### Data extract
++++++

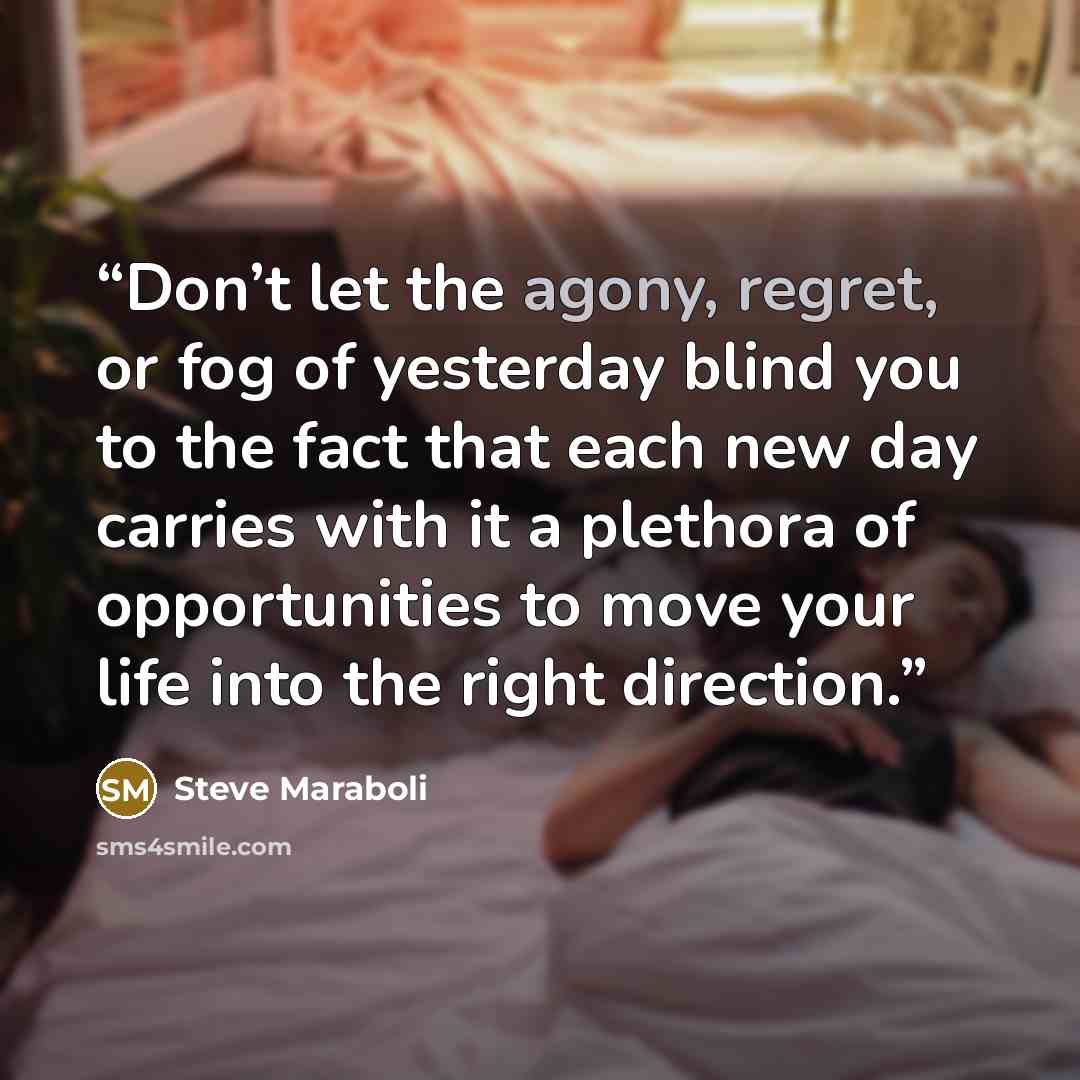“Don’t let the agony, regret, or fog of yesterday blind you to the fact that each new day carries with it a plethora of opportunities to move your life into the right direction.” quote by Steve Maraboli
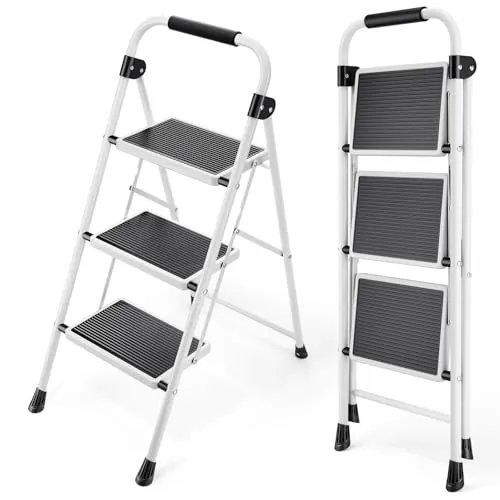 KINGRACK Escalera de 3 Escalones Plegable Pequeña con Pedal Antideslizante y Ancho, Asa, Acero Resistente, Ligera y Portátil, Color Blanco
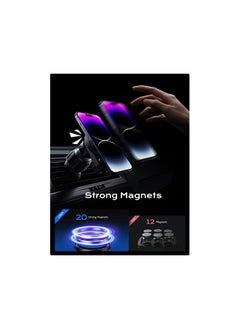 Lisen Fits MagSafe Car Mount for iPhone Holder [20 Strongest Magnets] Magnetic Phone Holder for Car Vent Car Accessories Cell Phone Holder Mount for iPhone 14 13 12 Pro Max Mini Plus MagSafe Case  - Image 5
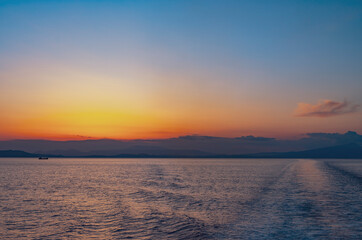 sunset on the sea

++++++

### Work request
Type the lines above out again exactly as they appear, skipping every picture.

### Response area
“Don’t let the agony, regret, or fog of yesterday blind you to the fact that each new day carries with it a plethora of opportunities to move your life into the right direction.” quote by Steve Maraboli
 KINGRACK Escalera de 3 Escalones Plegable Pequeña con Pedal Antideslizante y Ancho, Asa, Acero Resistente, Ligera y Portátil, Color Blanco
 Lisen Fits MagSafe Car Mount for iPhone Holder [20 Strongest Magnets] Magnetic Phone Holder for Car Vent Car Accessories Cell Phone Holder Mount for iPhone 14 13 12 Pro Max Mini Plus MagSafe Case  - Image 5
 sunset on the sea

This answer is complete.